A sample Docker image for using ML-Agents with GPU support for Unity.
In my other repository (https://github.com/ValerioB88/ml-agents-visual-observations-docker) I showed how to use ml-agents within a Docker container with visual observations by running a virtual frame buffer. The drawback of that approach is that Unity rendering is not exploiting the hardware capability (namely, your powerful GPU). The GPU will normally runs your neural network's computation, but if your NN has to wait for Unity to generate new frames, then the whole training time is gonna suffer. You can use this Docker image and the instructions in this repo to overcomes the issue.
- NVIDIA Drivers: On the host machine, make sure that the NVIDIA drivers are installed. To check that, run
nvidia-smi
, and something like this should appear:
+-----------------------------------------------------------------------------+
| NVIDIA-SMI 455.38 Driver Version: 455.38 CUDA Version: 11.1 |
|-------------------------------+----------------------+----------------------+
| GPU Name Persistence-M| Bus-Id Disp.A | Volatile Uncorr. ECC |
| Fan Temp Perf Pwr:Usage/Cap| Memory-Usage | GPU-Util Compute M. |
| | | MIG M. |
|===============================+======================+======================|
| 0 TITAN X (Pascal) Off | 00000000:01:00.0 Off | N/A |
| 23% 36C P8 16W / 250W | 52MiB / 12192MiB | 0% Default |
| | | N/A |
+-------------------------------+----------------------+----------------------+
+-----------------------------------------------------------------------------+
| Processes: |
| GPU GI CI PID Type Process name GPU Memory |
| ID ID Usage |
|=============================================================================|
| 0 N/A N/A 971 G /usr/lib/xorg/Xorg 49MiB |
+-----------------------------------------------------------------------------+
If it doesn't, install the NVIDIA drivers (plenty of online tutorials about that, but it should just be something like sudo ubuntu-drivers autoinstall
or sudo apt install nvidia-driver-<version-number>
e.g. sudo apt install nvidia-driver-430
).
-
NVIDIA Container Toolkit: Check if you have it by running
sudo docker run --rm --gpus all nvidia/cuda:11.0-base nvidia-smi
. If you don't, follow these instructionts https://www.server-world.info/en/note?os=Ubuntu_20.04&p=nvidia&f=2 -
Set up the xorg.config file: follow these instructions: https://virtualgl.org/Documentation/HeadlessNV. Don't worry about the VirtualGL part, but follow the points 1, 2 and 3. Be careful to leave IN the option
--use-display-device=None
in step 2!
To check that everything is setup correctly on the host machine, open two terminals.

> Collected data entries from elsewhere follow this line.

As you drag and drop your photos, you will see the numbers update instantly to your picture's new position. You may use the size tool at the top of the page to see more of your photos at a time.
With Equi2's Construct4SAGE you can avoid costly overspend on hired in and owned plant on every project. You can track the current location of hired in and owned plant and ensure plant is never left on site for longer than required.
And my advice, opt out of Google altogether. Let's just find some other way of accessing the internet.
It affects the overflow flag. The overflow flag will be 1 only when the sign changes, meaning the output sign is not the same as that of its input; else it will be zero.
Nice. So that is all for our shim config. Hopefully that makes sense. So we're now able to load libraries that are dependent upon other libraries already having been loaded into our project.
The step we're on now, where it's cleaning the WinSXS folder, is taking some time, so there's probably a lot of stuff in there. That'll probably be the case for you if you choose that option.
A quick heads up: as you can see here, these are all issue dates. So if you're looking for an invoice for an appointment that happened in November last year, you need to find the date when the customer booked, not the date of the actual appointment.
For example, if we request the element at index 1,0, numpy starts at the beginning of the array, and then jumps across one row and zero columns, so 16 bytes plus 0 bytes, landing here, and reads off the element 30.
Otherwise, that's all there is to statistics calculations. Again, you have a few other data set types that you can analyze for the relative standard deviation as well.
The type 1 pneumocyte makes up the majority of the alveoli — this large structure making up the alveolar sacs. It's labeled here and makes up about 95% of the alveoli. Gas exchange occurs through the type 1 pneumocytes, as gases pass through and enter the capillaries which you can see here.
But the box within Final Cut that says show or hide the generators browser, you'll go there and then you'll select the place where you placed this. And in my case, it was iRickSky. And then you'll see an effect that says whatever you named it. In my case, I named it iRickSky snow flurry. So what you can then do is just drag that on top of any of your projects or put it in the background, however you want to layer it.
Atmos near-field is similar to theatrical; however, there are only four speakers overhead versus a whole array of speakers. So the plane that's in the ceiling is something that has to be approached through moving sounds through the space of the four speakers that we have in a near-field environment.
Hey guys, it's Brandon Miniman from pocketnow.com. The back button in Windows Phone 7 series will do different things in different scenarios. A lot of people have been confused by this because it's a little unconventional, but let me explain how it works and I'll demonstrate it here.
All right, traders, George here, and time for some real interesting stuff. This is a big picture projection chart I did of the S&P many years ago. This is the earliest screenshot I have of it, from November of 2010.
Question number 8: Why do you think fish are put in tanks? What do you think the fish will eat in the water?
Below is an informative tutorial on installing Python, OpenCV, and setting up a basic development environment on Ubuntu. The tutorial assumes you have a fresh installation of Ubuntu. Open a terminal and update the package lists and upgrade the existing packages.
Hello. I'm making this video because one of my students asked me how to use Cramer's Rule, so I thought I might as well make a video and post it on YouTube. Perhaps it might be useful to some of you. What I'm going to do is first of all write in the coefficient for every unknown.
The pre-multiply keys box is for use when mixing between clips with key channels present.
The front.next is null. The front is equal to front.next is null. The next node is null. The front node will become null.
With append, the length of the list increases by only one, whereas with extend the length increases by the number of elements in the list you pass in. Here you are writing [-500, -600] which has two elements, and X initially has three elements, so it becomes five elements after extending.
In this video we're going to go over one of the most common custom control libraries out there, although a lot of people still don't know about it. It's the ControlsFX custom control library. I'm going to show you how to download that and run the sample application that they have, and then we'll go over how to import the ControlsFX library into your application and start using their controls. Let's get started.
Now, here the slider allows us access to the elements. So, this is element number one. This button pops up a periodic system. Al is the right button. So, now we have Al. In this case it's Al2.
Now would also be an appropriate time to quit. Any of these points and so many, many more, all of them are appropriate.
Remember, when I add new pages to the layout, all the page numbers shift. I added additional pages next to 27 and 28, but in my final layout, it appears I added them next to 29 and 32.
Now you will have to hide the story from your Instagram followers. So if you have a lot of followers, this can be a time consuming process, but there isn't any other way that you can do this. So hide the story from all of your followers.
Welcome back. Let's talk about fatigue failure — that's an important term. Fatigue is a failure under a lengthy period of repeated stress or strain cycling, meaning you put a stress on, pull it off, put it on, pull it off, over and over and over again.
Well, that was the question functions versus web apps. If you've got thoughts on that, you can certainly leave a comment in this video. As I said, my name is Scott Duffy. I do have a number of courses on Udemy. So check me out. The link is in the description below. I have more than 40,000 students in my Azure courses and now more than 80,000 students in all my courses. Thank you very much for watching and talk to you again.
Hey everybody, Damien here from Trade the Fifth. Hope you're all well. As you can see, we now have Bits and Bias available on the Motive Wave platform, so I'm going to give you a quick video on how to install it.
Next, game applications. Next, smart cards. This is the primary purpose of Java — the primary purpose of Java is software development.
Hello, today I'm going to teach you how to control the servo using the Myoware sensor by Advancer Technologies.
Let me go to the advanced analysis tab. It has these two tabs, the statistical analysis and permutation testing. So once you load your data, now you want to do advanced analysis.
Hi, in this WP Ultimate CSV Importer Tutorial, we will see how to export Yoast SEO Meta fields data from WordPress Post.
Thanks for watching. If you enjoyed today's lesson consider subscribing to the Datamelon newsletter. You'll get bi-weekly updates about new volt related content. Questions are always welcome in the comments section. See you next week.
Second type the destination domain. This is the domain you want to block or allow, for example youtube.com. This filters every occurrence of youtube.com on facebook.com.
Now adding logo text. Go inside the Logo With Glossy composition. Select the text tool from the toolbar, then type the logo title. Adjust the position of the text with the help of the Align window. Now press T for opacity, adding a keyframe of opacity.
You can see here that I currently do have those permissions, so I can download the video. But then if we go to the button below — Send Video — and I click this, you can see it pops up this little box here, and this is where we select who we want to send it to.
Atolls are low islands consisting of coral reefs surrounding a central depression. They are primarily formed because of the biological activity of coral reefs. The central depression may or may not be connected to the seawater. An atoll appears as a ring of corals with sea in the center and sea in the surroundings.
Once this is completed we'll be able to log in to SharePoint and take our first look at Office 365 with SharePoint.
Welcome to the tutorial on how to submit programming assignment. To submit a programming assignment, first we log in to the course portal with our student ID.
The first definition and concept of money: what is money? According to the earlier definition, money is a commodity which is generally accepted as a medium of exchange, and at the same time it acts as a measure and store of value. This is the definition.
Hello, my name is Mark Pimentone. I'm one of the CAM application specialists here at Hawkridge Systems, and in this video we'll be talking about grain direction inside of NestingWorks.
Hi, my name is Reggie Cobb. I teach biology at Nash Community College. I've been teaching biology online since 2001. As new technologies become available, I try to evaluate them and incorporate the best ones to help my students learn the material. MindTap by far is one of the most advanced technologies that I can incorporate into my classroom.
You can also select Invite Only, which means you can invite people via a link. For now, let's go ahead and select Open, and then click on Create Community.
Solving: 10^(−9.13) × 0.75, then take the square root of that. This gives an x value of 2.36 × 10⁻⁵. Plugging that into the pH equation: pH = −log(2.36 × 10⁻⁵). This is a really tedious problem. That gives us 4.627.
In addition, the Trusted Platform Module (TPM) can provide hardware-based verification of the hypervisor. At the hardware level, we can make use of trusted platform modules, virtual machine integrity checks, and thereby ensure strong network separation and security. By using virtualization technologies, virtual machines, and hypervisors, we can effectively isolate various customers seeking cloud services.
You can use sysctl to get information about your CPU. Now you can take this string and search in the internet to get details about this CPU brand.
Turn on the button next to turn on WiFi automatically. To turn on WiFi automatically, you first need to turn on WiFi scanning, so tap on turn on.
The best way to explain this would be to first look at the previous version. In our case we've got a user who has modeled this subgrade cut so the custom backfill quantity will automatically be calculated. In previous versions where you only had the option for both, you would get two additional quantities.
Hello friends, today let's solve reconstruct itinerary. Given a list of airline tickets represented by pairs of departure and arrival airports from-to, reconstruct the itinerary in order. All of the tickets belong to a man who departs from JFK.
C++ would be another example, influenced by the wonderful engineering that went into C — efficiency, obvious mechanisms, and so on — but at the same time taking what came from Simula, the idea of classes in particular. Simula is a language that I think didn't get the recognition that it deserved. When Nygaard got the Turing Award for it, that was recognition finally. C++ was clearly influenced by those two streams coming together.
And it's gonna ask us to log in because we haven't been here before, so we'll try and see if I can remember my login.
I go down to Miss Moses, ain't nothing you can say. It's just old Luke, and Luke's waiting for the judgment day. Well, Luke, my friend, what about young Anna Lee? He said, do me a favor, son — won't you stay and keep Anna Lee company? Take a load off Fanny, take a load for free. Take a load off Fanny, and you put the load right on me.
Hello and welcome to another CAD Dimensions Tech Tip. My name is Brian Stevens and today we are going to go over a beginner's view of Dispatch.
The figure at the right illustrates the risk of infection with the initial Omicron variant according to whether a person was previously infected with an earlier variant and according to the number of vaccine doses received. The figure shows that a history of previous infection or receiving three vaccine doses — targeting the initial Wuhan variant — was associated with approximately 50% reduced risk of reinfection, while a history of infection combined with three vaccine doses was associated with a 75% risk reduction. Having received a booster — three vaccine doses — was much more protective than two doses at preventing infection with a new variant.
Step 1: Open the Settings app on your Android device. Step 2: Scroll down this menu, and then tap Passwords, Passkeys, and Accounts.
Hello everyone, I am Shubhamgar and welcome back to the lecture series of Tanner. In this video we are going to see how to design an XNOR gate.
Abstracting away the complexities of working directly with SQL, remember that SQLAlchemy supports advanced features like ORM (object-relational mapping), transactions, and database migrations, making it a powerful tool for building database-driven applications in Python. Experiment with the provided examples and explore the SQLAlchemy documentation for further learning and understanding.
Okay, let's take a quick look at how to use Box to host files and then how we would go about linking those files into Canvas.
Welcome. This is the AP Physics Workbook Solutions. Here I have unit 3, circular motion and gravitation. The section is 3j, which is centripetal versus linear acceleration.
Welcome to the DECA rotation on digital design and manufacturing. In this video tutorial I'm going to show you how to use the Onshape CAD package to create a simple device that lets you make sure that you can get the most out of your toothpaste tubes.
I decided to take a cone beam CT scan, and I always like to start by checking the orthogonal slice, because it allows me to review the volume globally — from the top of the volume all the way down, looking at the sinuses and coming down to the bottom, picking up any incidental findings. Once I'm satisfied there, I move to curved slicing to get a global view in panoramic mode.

On one of them run nvidia-smi -lms 100
, on the other run export DISPLAY=:0 && glxgears -display :0
. glxgears
it's just a little OpenGL demo that you can easily use as a test. You should see on the nvidia
terminal the GPU crunching numbers to render the glxgear script (if you don't have glxgears, install it with apt update && apt install mesa-utils
). You should get something like this:
+-----------------------------------------------------------------------------+
| NVIDIA-SMI 455.38 Driver Version: 455.38 CUDA Version: 11.1 |
|-------------------------------+----------------------+----------------------+
| GPU Name Persistence-M| Bus-Id Disp.A | Volatile Uncorr. ECC |
| Fan Temp Perf Pwr:Usage/Cap| Memory-Usage | GPU-Util Compute M. |
| | | MIG M. |
|===============================+======================+======================|
| 0 TITAN X (Pascal) Off | 00000000:01:00.0 Off | N/A |
| 23% 39C P0 81W / 250W | 57MiB / 12192MiB | 81% Default |
| | | N/A |
+-------------------------------+----------------------+----------------------+
+-----------------------------------------------------------------------------+
| Processes: |
| GPU GI CI PID Type Process name GPU Memory |
| ID ID Usage |
|=============================================================================|
| 0 N/A N/A 971 G /usr/lib/xorg/Xorg 51MiB |
| 0 N/A N/A 12582 G glxgears 3MiB |
+-----------------------------------------------------------------------------+
Build the Docker image with docker build --tag ml-agents-visobs-gpu .
. Once done, run it with
docker run -it \
-e DISPLAY=:0 \
--volume="/tmp/.X11-unix:/tmp/.X11-unix:rw" \
--runtime=nvidia \
--entrypoint /bin/bash \
ml-agents-visobs-gpu
Once inside the terminal, you can test it with glxgears again. (You can use nvidia-smi
on the host machine.) If it works, we are ready to run a Unity scene.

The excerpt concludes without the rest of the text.